リリアさん達との会話を聞く限り、ザルイルもそこそこの歳かと思うんだが。
チラと見上げれば、ザルイルとバッチリ目が合ってしまった。
「何だい?」
ザルイルは琥珀色の瞳を細めて、俺に柔らかく微笑む。
「ザルイルさんは……」
想う相手はいないんだろうか、なんて、そんなの俺が聞くような事じゃないよな。
「どのくらい生きる種族なんですか?」
尋ねれば、ザルイルは小さく笑って答えた。
「私もライゴもシェルカも、君が生きている間に死ぬ事はないよ」
***
魂とか命ってのは、結局何なんだろうな。
俺の魂が今ここにあるんなら、元の世界にいた俺は、あの場所にはもういないってことになるのか?
でもなんか、そういうのとはちょっと違うような気がするんだよな。
ただ長い夢を見ているような、そんな感覚がいつまでも抜けなくて。
そんな中で、俺はそれでも毎日の生活の心配をしたり子ども達の事を心配しながら、こんな事をしてる……。
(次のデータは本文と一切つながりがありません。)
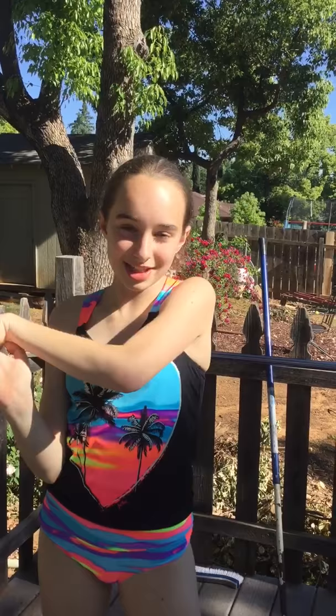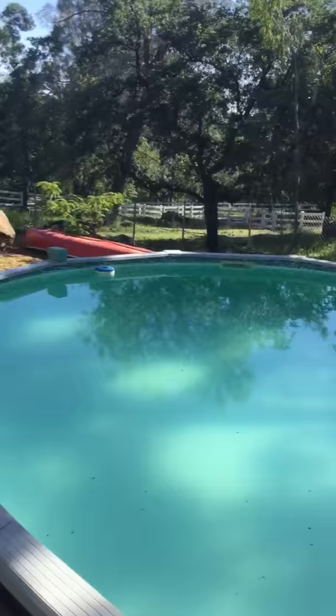So basically what we're going to be doing is jumping in the pool, and it's really hot today. It's like one of the hottest days in the beginning of summer. And so I'm super excited to do this, and Sierra is going to be doing it with me.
机に広げた真っ白な紙がなんだか眩しくて、俺は目を閉じる。
ザーザーじゃぶじゃぶと水音が聞こえてくるのは、ザルイルが風呂に入っているからだ。
普段、もふもふな住人達の毛があちこち絡まりがちだった風呂も、今日はタルールさんのおかげでピカピカになっていた。
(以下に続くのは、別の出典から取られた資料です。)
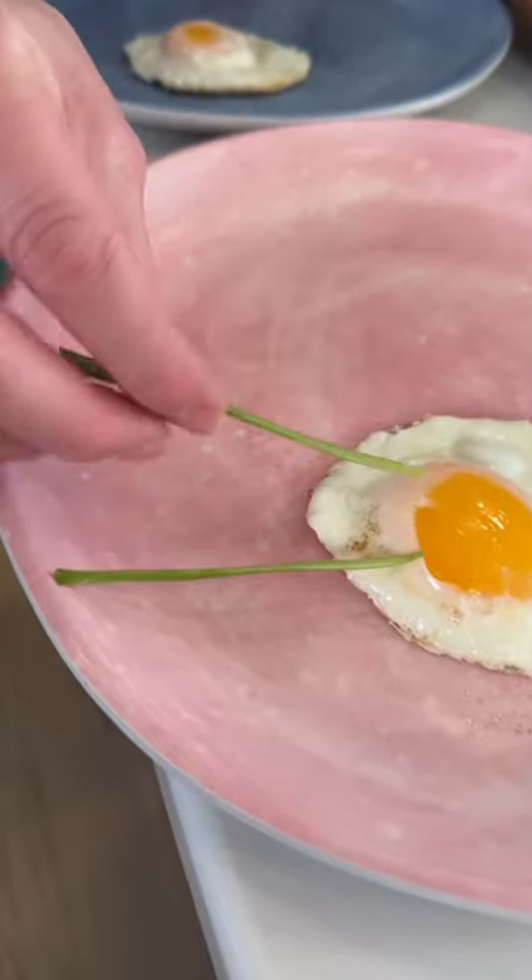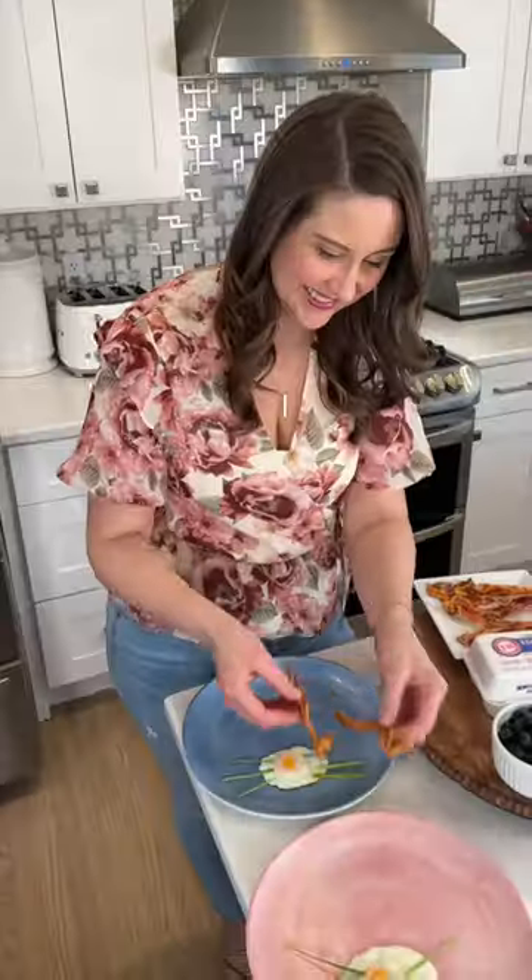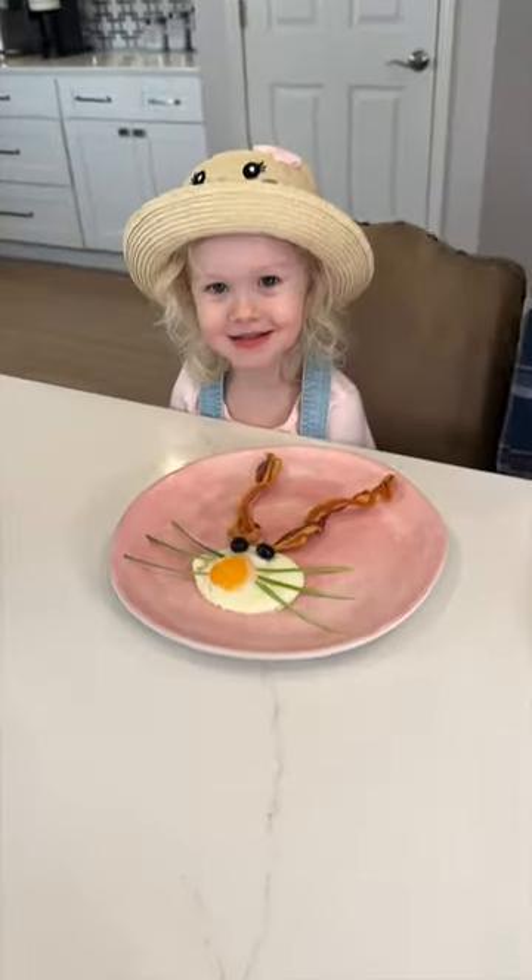Now for the fun. Use chives to make whiskers, strips of bacon become your bunny ears, and blueberries are eyes. How cute is this?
俺は居候させてもらってる身なのに、掃除もしなくてよくなったし、美味しい夕食まで食べさせてもらえている。
最初こそ虫扱いだったが、今では元の世界よりも快適な生活に、俺はすっかり馴染んでしまっていた。
園の皆は、今頃どうしているだろう……。
もし俺が本当に消えているのなら、園にも子ども達にも保護者にも、相当な迷惑をかけてしまっているはずだ。
父は、俺を探し回っていないだろうか。
警察にも届けが出されているのかも知れない。
俺が強く願えば戻れるなら、今すぐ戻るべきなんじゃないか。
そう焦る自分がいる一方で、ライゴ達にもう二度と会えなくなるなら、まだ教えてやらなきゃいけない事がこんなにあるのに……と焦る自分もいる。
どちらもが、まぎれもない本心だ。
なのに、残された時間が分からない。
どうにもならない焦りが、静かに俺の胸を絞る。
……いつまでもこのままというわけには……いかないだろうな。
どこかで……、一旦区切りをつけて、戻れるかどうか試す必要がある。
ただ、戻れたとしても、浦島太郎のような目に遭うのは勘弁してほしいところで……。
「……ヨウヘイ?」
ザルイルの声に、俺はハッと目を開けた。